Recommandations du comité
  1. 207. Au vu des conclusions intérimaires qui précèdent, le comité invite le Conseil d’administration à approuver les recommandations suivantes:
    • a) Préoccupé qu’il existerait au Bangladesh des obstacles persistants qui empêchent de mener des enquêtes approfondies sur les violences antisyndicales récurrentes, le comité prie instamment le gouvernement de prendre les mesures nécessaires pour diligenter une enquête sur les violences physiques, les menaces et les meurtres à l’encontre de dirigeants syndicaux et de syndicalistes, cela afin d’identifier et de punir les auteurs de ces actes au Bangladesh et de mettre fin aux violences antisyndicales.
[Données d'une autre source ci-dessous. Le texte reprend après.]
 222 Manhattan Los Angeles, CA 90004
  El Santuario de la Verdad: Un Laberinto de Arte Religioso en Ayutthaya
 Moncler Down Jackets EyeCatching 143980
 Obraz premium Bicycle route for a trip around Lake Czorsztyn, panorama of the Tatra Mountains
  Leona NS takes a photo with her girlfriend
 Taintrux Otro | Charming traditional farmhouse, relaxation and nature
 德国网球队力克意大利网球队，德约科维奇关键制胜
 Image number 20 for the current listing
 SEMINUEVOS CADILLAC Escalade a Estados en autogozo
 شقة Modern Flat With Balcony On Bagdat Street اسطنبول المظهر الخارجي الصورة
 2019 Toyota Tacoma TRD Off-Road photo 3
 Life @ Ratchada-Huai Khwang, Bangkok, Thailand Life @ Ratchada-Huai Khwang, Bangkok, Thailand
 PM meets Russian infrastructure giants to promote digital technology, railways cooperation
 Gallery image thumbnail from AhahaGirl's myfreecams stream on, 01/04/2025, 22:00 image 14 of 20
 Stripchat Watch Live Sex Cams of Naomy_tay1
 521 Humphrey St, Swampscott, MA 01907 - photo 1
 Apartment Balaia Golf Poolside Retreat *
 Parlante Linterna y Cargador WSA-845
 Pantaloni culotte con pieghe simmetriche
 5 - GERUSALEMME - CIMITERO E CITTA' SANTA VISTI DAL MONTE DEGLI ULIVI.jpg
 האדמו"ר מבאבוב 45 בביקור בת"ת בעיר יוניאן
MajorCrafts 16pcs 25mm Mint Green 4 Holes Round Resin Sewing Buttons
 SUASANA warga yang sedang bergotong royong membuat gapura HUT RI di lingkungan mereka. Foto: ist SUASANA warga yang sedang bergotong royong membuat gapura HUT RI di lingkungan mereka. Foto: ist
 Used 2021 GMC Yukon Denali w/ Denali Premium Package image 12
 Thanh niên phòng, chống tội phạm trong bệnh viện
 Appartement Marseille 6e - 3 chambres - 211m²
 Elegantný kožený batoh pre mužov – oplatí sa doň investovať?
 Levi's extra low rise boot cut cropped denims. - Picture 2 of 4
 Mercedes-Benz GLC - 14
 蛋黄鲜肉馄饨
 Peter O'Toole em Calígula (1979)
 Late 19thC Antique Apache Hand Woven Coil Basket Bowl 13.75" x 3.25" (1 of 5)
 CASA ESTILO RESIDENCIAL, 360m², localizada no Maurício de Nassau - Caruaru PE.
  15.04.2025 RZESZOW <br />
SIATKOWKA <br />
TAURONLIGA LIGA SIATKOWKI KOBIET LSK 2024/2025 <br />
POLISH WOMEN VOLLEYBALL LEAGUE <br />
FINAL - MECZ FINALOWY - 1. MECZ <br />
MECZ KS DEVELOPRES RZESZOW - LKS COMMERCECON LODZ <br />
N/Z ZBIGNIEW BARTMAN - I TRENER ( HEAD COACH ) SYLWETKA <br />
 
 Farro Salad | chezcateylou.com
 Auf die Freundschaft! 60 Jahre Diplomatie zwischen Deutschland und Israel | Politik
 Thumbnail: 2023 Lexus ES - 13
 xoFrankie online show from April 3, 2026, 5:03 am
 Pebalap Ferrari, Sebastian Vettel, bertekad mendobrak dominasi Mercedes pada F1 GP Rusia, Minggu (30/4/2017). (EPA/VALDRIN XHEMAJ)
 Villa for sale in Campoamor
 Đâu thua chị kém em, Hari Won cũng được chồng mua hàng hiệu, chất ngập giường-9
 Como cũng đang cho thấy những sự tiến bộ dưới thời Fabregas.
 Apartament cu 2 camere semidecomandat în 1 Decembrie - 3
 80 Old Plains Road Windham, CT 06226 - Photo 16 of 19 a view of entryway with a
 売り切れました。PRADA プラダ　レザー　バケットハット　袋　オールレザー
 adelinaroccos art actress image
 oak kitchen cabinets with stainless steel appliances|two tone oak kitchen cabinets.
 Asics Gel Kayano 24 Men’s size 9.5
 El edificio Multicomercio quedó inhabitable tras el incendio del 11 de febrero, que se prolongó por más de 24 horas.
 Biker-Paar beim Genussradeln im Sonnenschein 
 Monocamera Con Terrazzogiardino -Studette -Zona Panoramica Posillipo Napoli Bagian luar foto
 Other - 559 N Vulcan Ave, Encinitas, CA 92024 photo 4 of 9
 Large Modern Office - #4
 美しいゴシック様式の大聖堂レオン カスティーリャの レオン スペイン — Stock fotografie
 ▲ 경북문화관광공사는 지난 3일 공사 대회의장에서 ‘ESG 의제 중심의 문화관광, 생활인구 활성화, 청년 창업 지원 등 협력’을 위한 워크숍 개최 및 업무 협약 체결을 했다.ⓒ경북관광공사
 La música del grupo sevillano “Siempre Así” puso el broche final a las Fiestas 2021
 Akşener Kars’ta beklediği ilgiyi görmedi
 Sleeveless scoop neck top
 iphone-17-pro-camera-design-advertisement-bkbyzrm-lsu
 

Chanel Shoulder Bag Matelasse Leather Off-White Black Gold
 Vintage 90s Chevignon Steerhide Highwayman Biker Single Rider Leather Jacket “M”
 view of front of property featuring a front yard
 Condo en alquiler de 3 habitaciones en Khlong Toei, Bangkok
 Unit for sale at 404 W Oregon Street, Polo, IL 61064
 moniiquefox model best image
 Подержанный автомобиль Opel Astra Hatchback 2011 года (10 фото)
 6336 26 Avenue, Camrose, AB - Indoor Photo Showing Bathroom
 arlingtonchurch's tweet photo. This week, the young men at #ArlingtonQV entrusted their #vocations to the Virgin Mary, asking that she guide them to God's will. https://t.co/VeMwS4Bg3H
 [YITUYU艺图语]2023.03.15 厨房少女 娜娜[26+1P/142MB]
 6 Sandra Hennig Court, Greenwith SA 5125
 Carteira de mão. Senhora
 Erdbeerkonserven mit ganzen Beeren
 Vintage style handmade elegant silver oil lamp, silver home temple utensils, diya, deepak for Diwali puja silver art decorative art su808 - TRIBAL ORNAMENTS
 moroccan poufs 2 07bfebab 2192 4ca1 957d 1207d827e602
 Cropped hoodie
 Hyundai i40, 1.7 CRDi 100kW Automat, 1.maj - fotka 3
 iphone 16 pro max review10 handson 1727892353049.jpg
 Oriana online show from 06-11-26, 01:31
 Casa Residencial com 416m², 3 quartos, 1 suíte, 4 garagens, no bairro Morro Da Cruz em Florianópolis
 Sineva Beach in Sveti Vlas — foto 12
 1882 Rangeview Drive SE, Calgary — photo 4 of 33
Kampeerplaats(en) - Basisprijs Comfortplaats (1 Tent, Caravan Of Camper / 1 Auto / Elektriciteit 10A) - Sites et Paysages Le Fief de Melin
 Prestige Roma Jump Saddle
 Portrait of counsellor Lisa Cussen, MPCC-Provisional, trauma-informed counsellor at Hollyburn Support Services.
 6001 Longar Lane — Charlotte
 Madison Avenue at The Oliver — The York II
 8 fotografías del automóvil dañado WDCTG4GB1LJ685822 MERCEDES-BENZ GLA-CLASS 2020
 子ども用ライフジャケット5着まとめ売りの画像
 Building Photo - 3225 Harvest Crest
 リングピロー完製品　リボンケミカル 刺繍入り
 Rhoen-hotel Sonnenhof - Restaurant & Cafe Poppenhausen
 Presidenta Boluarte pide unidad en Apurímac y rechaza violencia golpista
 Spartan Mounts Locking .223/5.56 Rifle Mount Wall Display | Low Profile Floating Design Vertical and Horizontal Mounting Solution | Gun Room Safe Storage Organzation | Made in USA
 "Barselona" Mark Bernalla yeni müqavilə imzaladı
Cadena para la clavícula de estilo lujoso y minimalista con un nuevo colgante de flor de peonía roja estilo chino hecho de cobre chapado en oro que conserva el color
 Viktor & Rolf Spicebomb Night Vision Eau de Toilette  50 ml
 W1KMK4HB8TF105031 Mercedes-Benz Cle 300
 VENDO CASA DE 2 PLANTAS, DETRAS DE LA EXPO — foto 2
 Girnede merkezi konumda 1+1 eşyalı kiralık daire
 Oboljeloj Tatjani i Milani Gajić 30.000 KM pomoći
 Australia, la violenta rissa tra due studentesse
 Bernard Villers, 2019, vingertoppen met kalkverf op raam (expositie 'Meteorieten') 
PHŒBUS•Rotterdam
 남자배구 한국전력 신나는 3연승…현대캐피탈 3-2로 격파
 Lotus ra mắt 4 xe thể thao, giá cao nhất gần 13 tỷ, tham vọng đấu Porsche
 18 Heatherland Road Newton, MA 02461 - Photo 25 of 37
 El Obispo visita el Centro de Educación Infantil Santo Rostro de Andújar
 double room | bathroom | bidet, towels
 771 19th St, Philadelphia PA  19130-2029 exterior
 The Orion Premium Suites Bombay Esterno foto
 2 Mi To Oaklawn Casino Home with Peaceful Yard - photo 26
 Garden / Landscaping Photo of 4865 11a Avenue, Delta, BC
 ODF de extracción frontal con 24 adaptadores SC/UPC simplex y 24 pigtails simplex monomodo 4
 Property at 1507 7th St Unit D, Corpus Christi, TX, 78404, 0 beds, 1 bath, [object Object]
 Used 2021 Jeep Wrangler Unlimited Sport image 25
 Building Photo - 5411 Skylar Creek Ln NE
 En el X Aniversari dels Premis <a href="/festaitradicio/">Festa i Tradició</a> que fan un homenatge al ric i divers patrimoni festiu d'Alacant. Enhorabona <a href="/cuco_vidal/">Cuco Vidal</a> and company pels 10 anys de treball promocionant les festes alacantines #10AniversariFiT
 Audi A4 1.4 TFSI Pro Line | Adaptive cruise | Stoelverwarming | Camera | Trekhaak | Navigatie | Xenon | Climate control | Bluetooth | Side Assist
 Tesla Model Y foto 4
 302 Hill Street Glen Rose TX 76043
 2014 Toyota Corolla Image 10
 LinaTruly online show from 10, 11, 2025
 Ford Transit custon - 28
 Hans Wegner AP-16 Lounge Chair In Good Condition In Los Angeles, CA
Le comité prie le gouvernement de fournir des informations détaillées concernant les mesures prises afin d’identifier et d’éliminer les obstacles persistants empêchant les enquêtes approfondies sur de telles allégations. Le comité rappelle au gouvernement qu’il peut se prévaloir de l’assistance technique du Bureau.
    • b) Déplorant le meurtre de M. Shahidul Islam, organisateur syndical pour la Fédération des travailleurs du vêtement et de l’industrie du Bangladesh, ainsi que la violente agression perpétrée le 25 juin 2023 contre d’autres syndicalistes qui l’accompagnaient, et prenant note des informations fournies par le gouvernement sur les mesures déjà prises, le comité prie instamment le gouvernement de prendre toute autre mesure nécessaire afin de faire le plus rapidement possible toute la lumière sur les circonstances et les motifs de cette agression, d’en déterminer les responsabilités et punir les auteurs et les éventuels instigateurs afin d’éviter que de tels actes ne se reproduisent. Le comité prie le gouvernement de continuer à lui communiquer des informations sur les mesures prises ainsi que sur l’évolution et l’aboutissement de cette affaire.
    • c) Le comité attire spécialement l’attention du Conseil d’administration sur le caractère extrêmement grave et urgent du présent cas.